Please print nothing but the lines from the one containing "Spin Master Draggle" to the final line below, exactly, and no pictures.

═════ Dataset excerpts

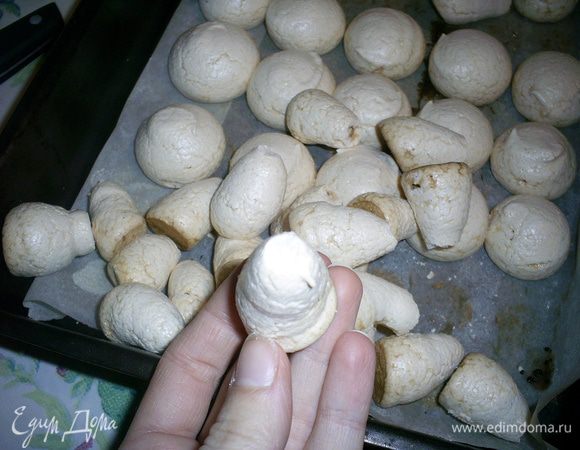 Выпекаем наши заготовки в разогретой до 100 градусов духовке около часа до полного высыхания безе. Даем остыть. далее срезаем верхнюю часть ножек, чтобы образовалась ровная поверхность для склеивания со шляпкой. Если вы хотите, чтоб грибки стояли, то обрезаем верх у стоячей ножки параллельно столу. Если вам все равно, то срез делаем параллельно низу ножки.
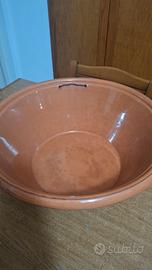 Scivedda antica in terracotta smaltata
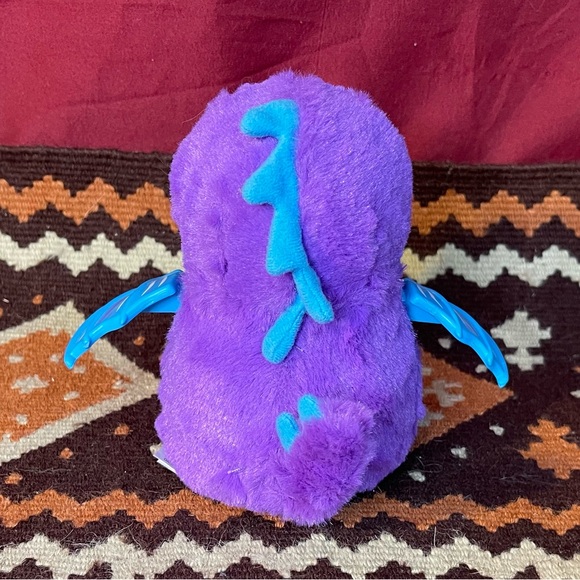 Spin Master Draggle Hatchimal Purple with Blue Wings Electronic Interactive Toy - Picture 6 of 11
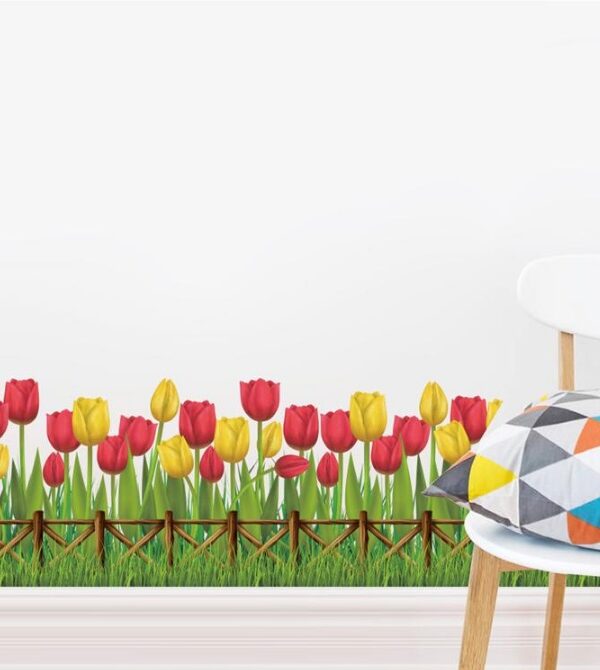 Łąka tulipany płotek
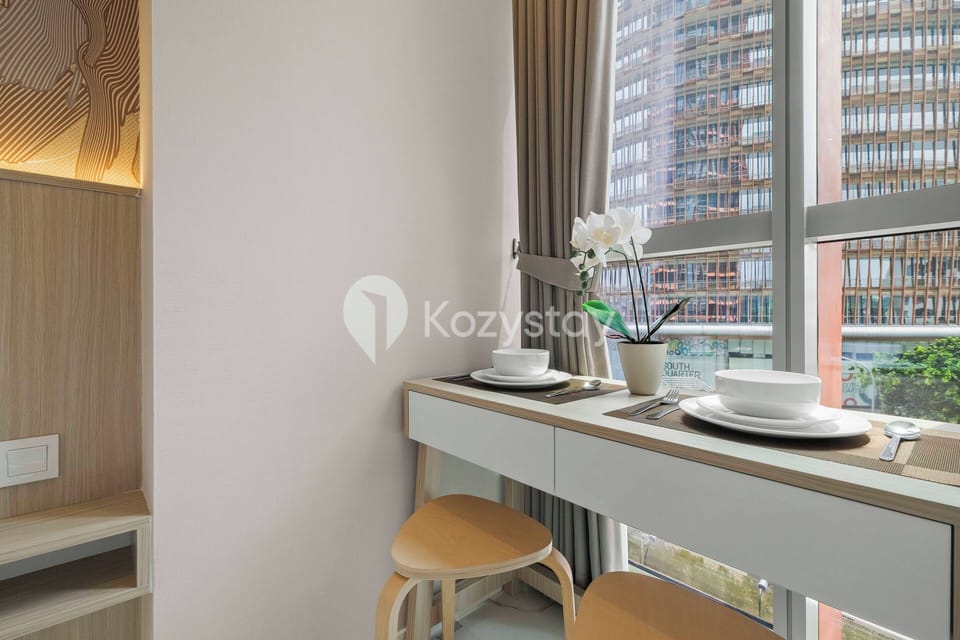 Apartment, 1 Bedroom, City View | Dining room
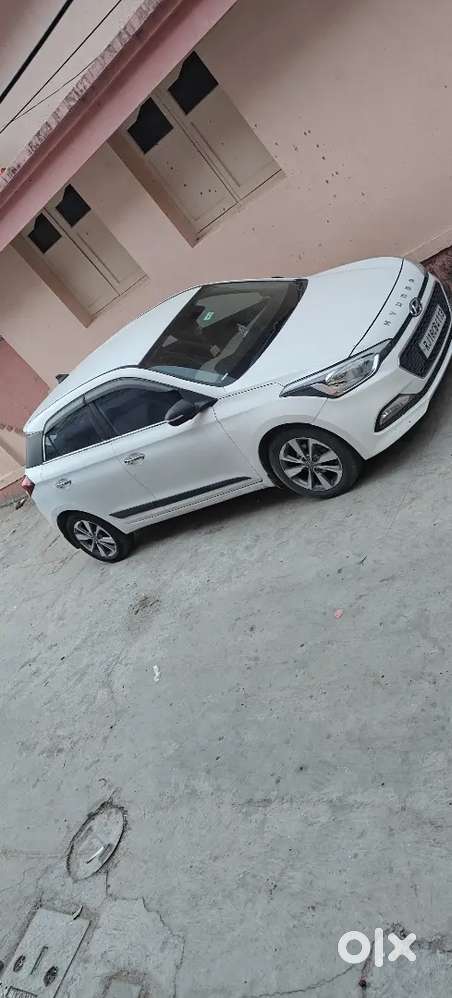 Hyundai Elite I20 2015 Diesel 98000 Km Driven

══════════

## Output below
 Spin Master Draggle Hatchimal Purple with Blue Wings Electronic Interactive Toy - Picture 6 of 11
 Łąka tulipany płotek
 Apartment, 1 Bedroom, City View | Dining room
 Hyundai Elite I20 2015 Diesel 98000 Km Driven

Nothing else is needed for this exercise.